Dataset content>
──────────

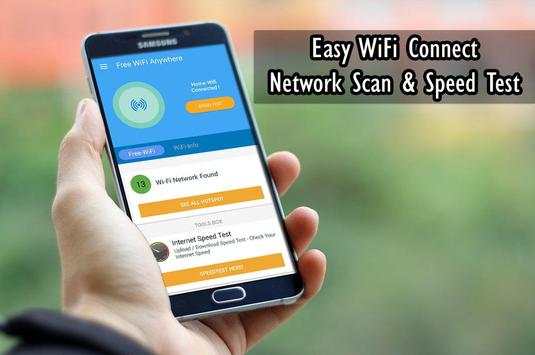 Free Wifi Connection Anywhere & WiFi Map Analyze screenshot 1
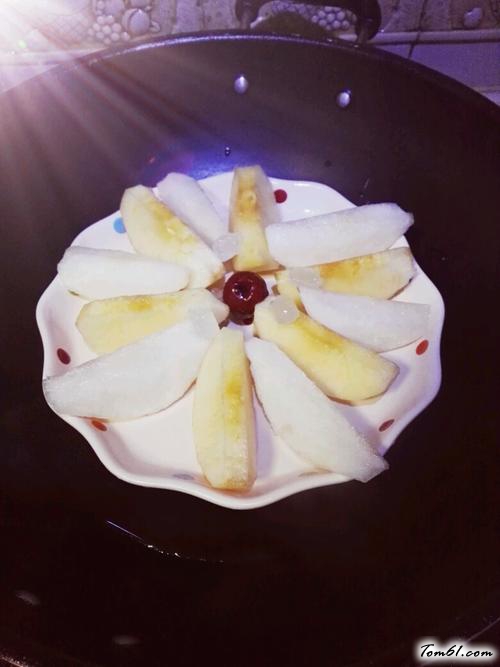 【桂花苹果梨】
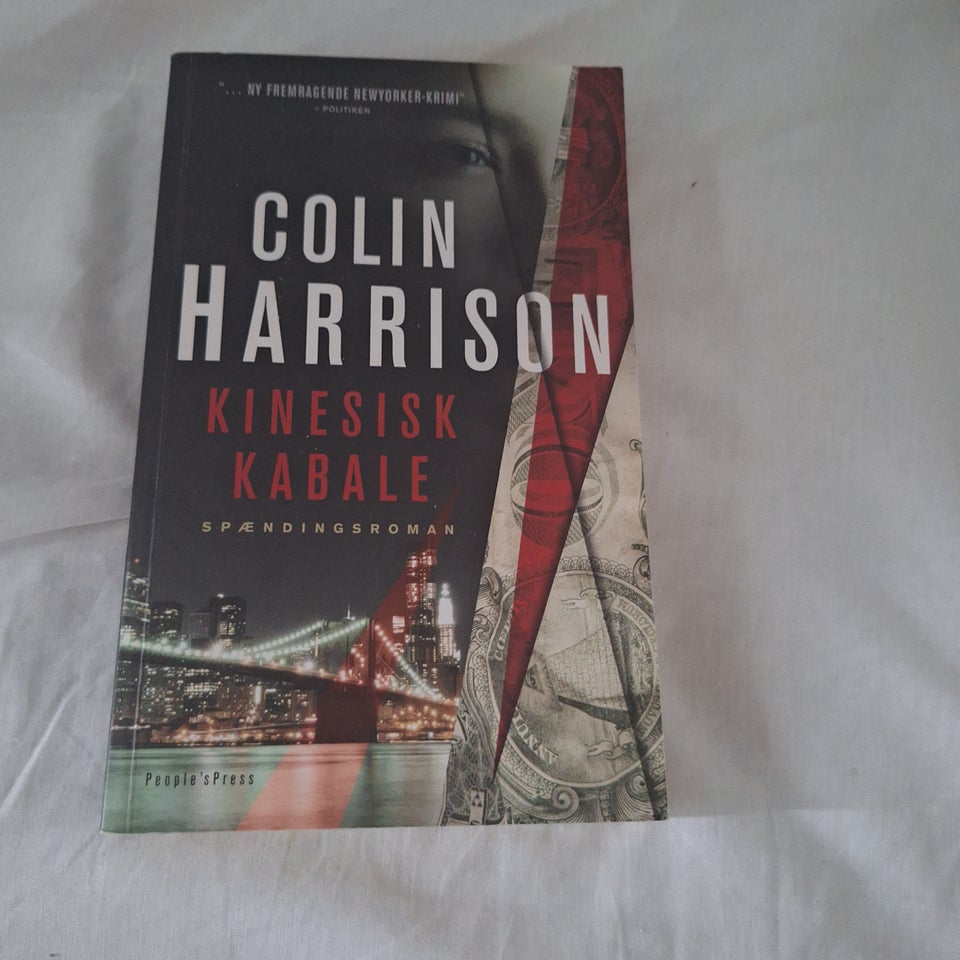 Kinesisk kabale, Colin Harrison,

──────────

Exercise objective> Omit the images; transcribe the listing verbatim.

Result>
 Free Wifi Connection Anywhere & WiFi Map Analyze screenshot 1
 【桂花苹果梨】
 Kinesisk kabale, Colin Harrison,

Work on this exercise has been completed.